Au Cameroun, tout le monde pensait déjà scellé, le sort de l'homme d'affaires Jean-Pierre Amougou Belinga et la vingtaine de personnes suspectées dans l'assassinat du journaliste Martinez Zogo. En effet, alors qu'ils s'attendaient à être inculpés le 14 février dernier, ils ont été finalement renvoyés à l'étape des enquêtes préliminaires pour complément d'informations.
Dans une société camerounaise très pieuse, d'aucuns iraient jusqu' à dire que Jean-Pierre Amougou Belinga et compagnie ont été sauvés par les prières de Saint-Valentin. Mais, cette décision prise par le magistrat militaire qui instruit le dossier, n'a rien de nouveau. Car, on le sait, l'objectif d'une telle décision est, en principe, de pouvoir compléter au mieux les éléments à charge et à décharge. Cela peut contribuer à éviter des erreurs judiciaires où des innocents seront condamnés en lieu et place des vrais coupables.

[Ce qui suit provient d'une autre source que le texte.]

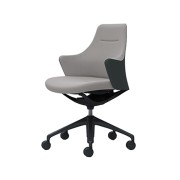 CD53MR-FKY7【送料無料】 | オカムラ Lives Work Chair通販 - Kagg.jp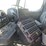 2016-freightliner-m2-106-image-11
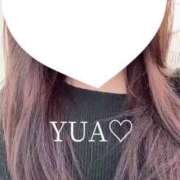 ヒメ日記 2025/03/01 18:28 投稿 ゆあ エンジェルエステplus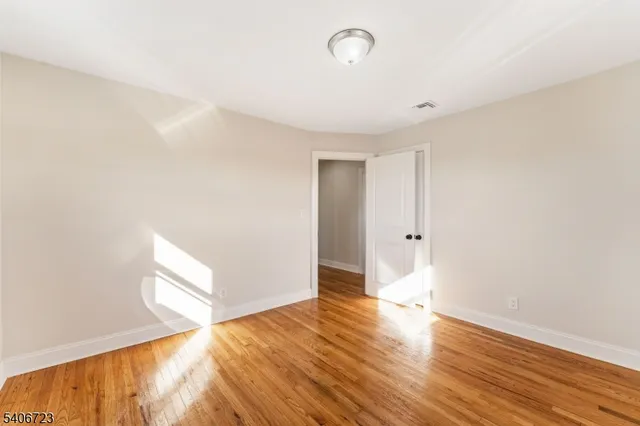 $3,790 | 28 Toronto Court, Maplewood, NJ 07040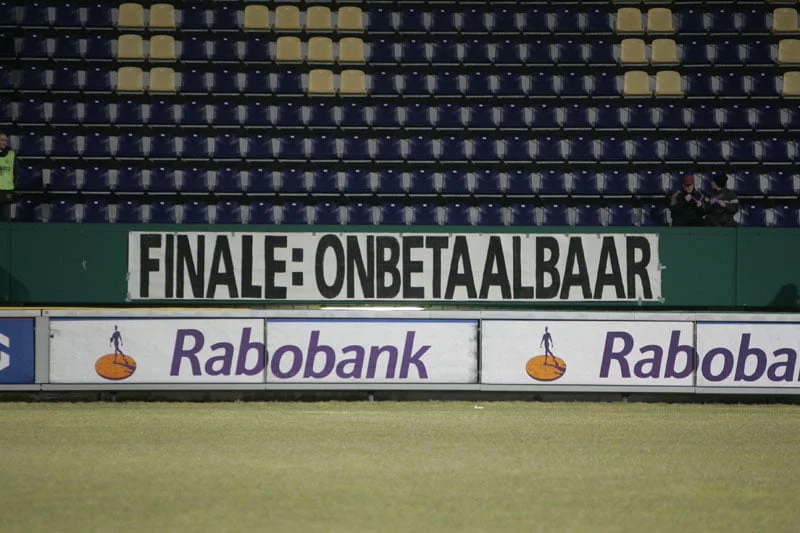 roda-finale-onbetaalbaar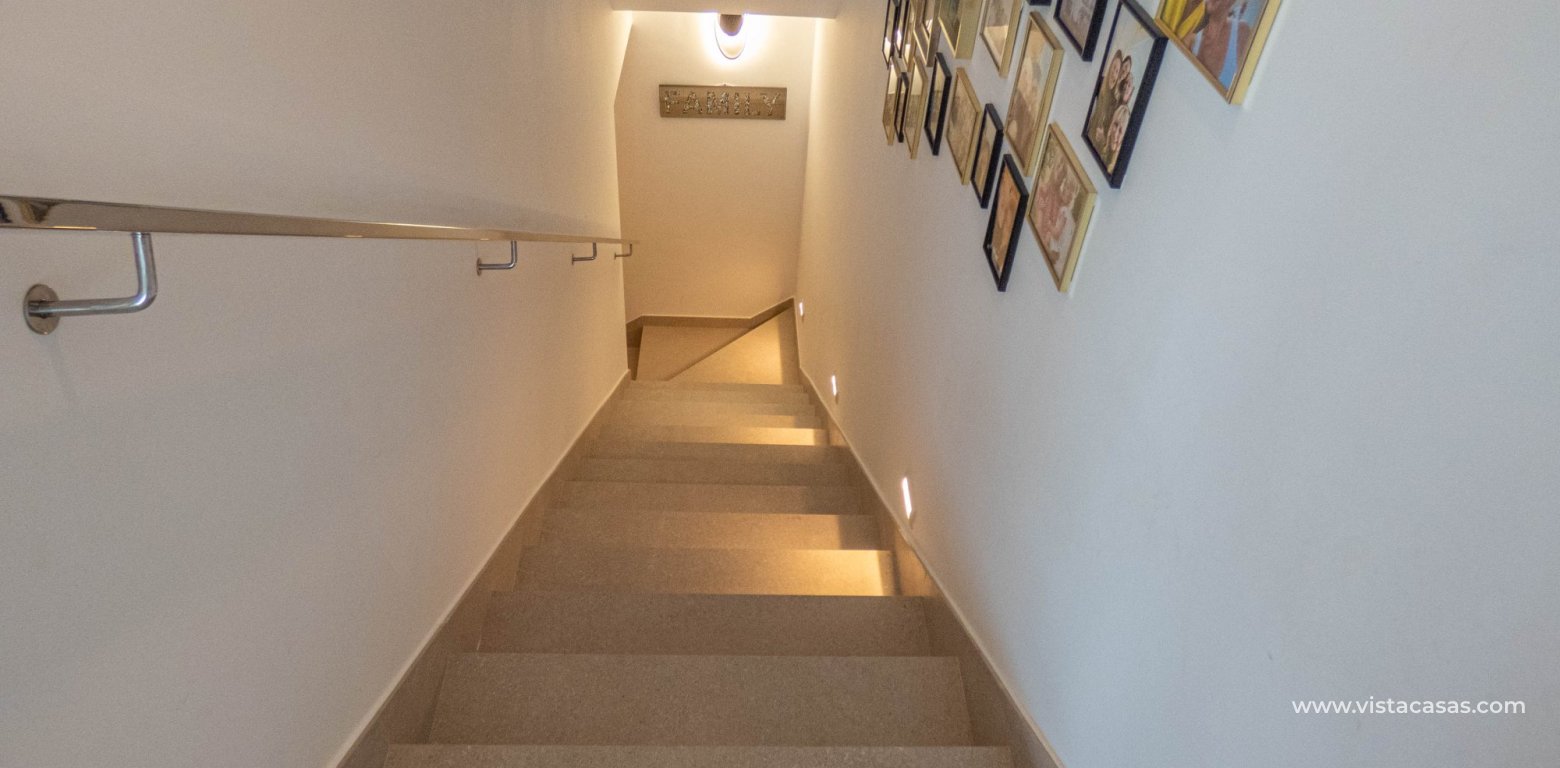 Resale - Apartment - Guardamar del Segura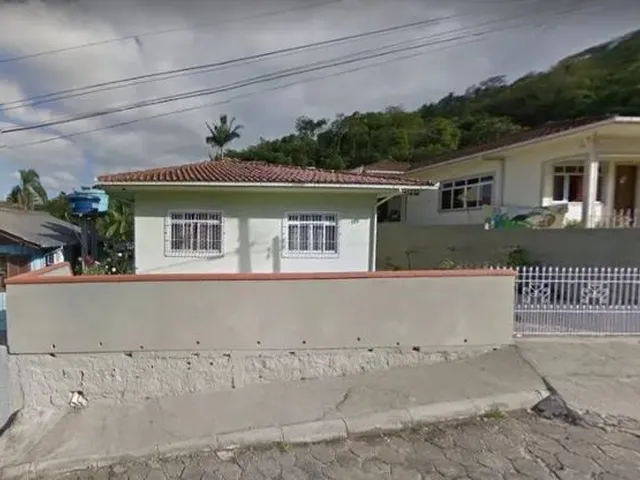 Imagem 1: Casa para Locação, Vendaval - Biguaçu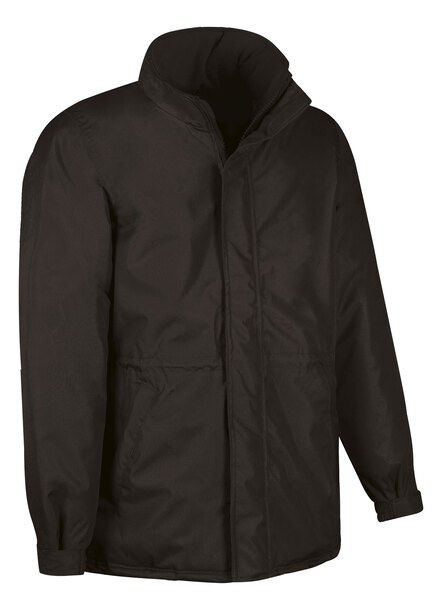 Valento PKVAHAM - Parka HAMPSHIRE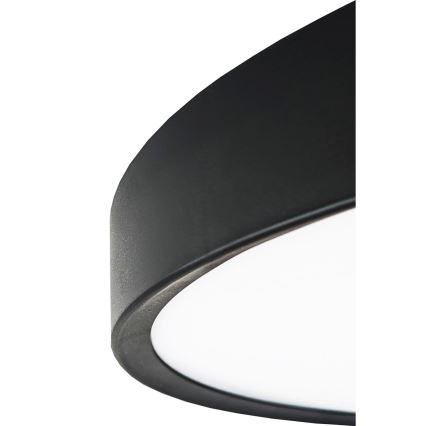 LED Stropní svítidlo SAMER LED/32W/230V 4000K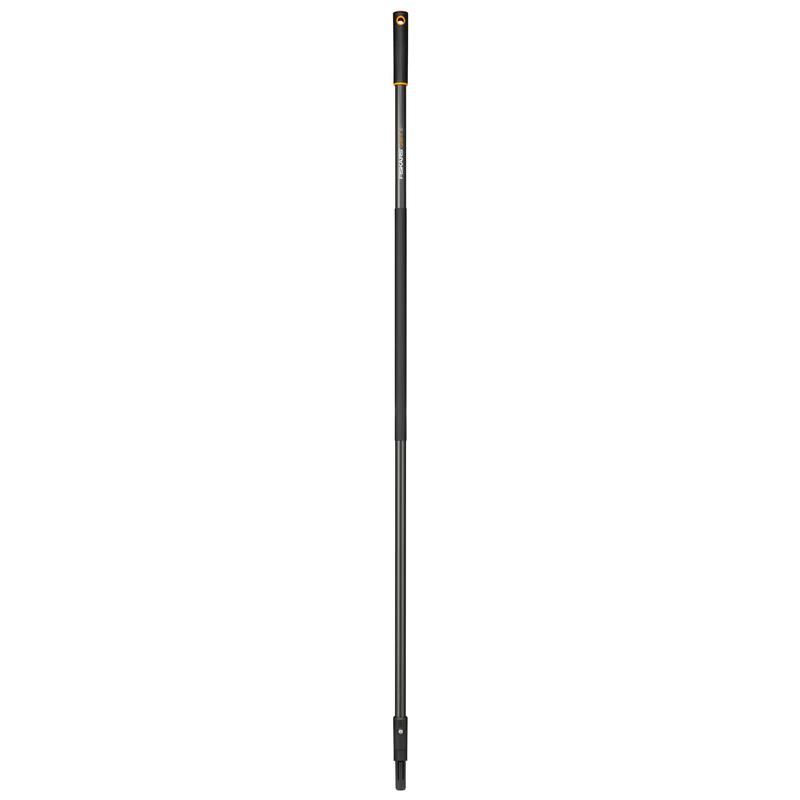 Черенок для инвентаря Fiskars QuikFit 157 мм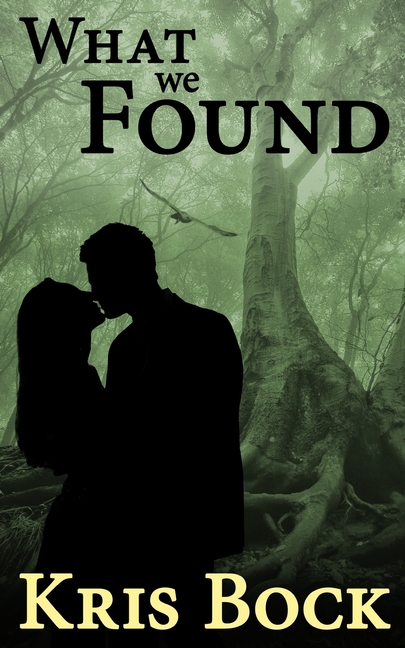 What We Found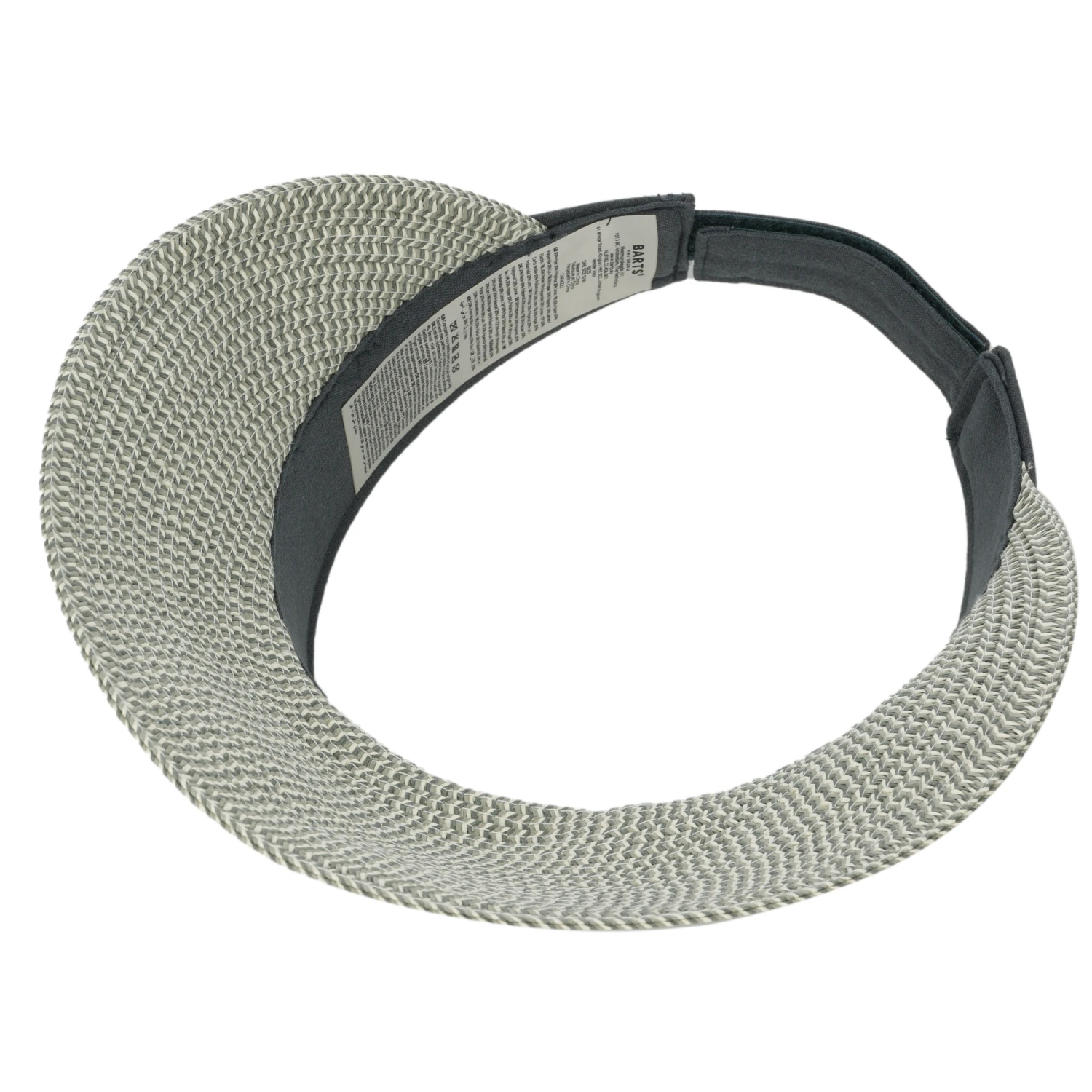 Vesder Visor By Barts 4 Vesder Visor By Barts – Bild 4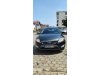 Slika 2 - Ford Mondeo mk4 2.0TDCI  - MojAuto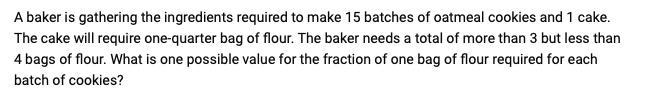 PLEASE HELP ME SOLVE THIS QUESTION!! ***quickest and shortest way***-example-1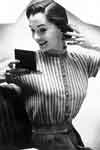 Sunbeam Sweater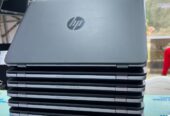 HP Elitebook 820 G2 – 8GB RAM – 128GB SSD / 500GB HDD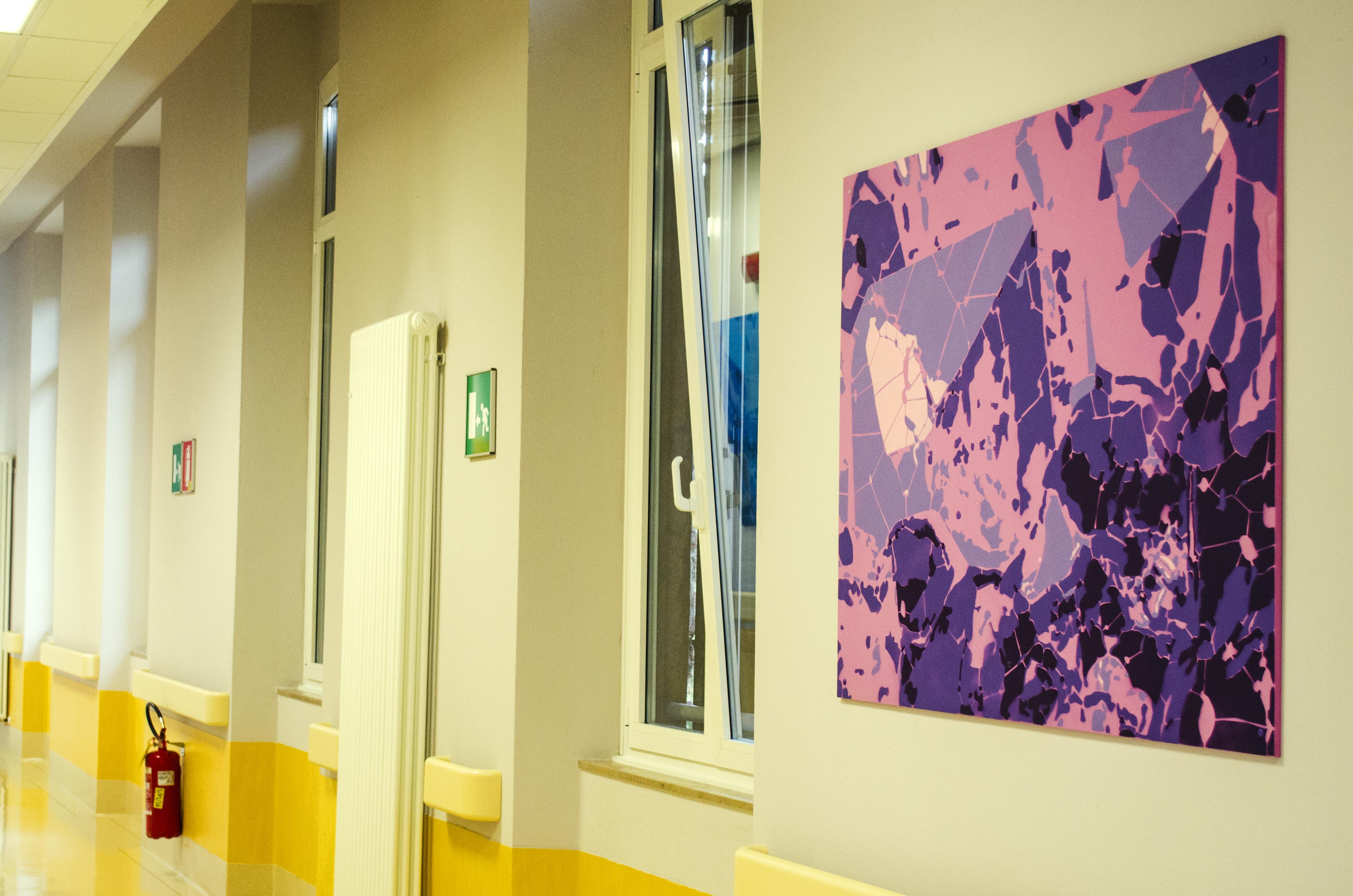 Neuropsichiatria Infantile-12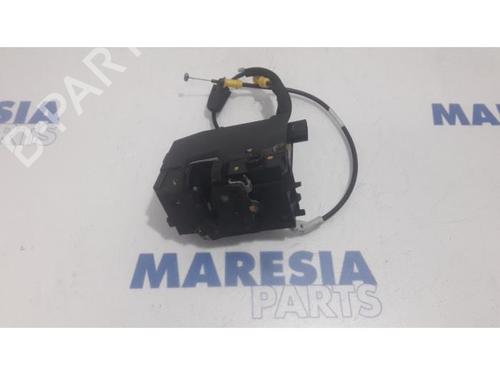 Used Electronic module Electronic module PEUGEOT 308 SW II (LC_, LJ_, LR_, LX_, L4_) 1.6 BlueHDi 120 (120 hp) 31499507 31499507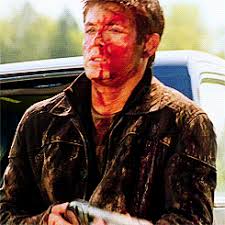 He was also lana lang 's boyfriend during her senior year of high school. Daily Jensen Ackles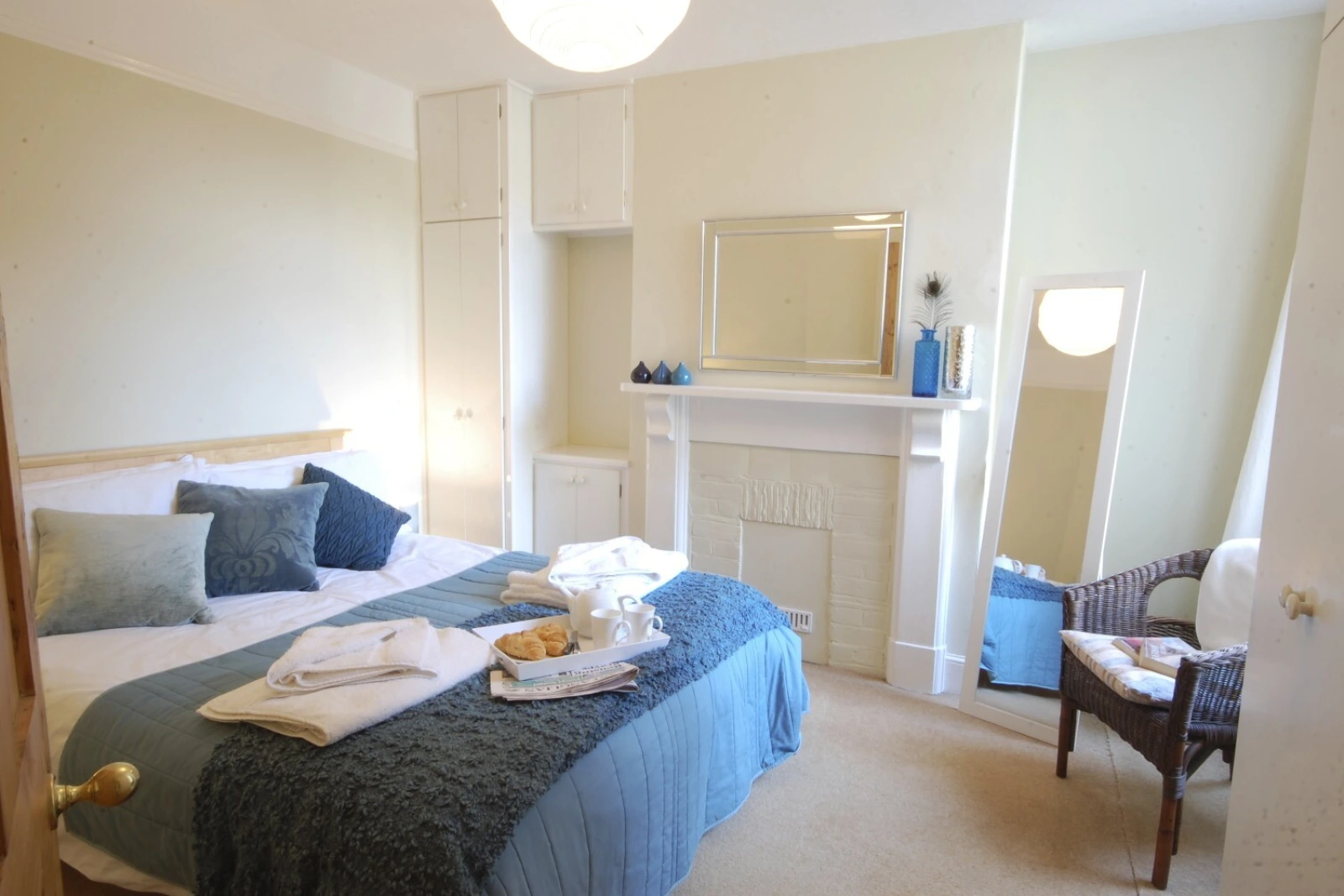 Property image 4 for SC1116906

Tant que le juge militaire en question reste dans une posture de dire le droit et la justice, dans toute leur rigueur, il faut saluer sa démarche. D'autant que cela a le mérite de montrer que le juge veut travailler en toute indépendance et sans la moindre pression. Mais connaissant les réalités judiciaires dans les pays du " Gondwana ", l'on se doit de garder aussi à l'esprit les pressions et influences possibles que pourrait subir le juge en charge du dossier de l'assassinat de l'ex-directeur général de la radio Amplitude FM.
Le juge militaire a une double responsabilité devant l'histoire
En effet, le suspect n°1, en l'occurrence Jean-Pierre Amougou Belinga, n'est pas " n'importe qui ". Et beaucoup de ses complices parmi lesquels, des hommes en uniforme, aussi. Par leurs réseaux dans les sphères politico-judiciaires et économiques, les suspects ont tous les moyens d'orienter le juge selon la boussole de leurs intérêts. Rien n'est à exclure, en tout cas. C'est pourquoi l'on est en droit de se poser certaines questions : le juge militaire a-t-il décidé en âme et conscience, de renvoyer les suspects à l'étape des enquêtes préliminaires ?
Ou des lobbys tentent-ils d'influencer la conduite de l'enquête ? S'agit-il de chantage comme le prétendent certains, permettant de soustraire des suspects à leurs responsabilités criminelles dans cette affaire ? Est-ce une diversion pour permettre aux vrais bourreaux de mieux se cacher ou de prendre la tangente ?
L'on attend de voir. Dans tous les cas, le juge militaire a une double responsabilité devant l'histoire. Soit il rend le droit et la justice selon les règles de l'art, et son nom sera inscrit dans le marbre de ceux qui auront contribué à réhabiliter l'image du pouvoir judiciaire. Soit il s'embarque dans un tourbillon de marchandage politico-judiciaire et laisse filer entre les mailles, des criminels et son image sera ternie et associée à ceux qui auront davantage souillé la réputation d'une justice qui souffrait déjà d'un manque de crédibilité.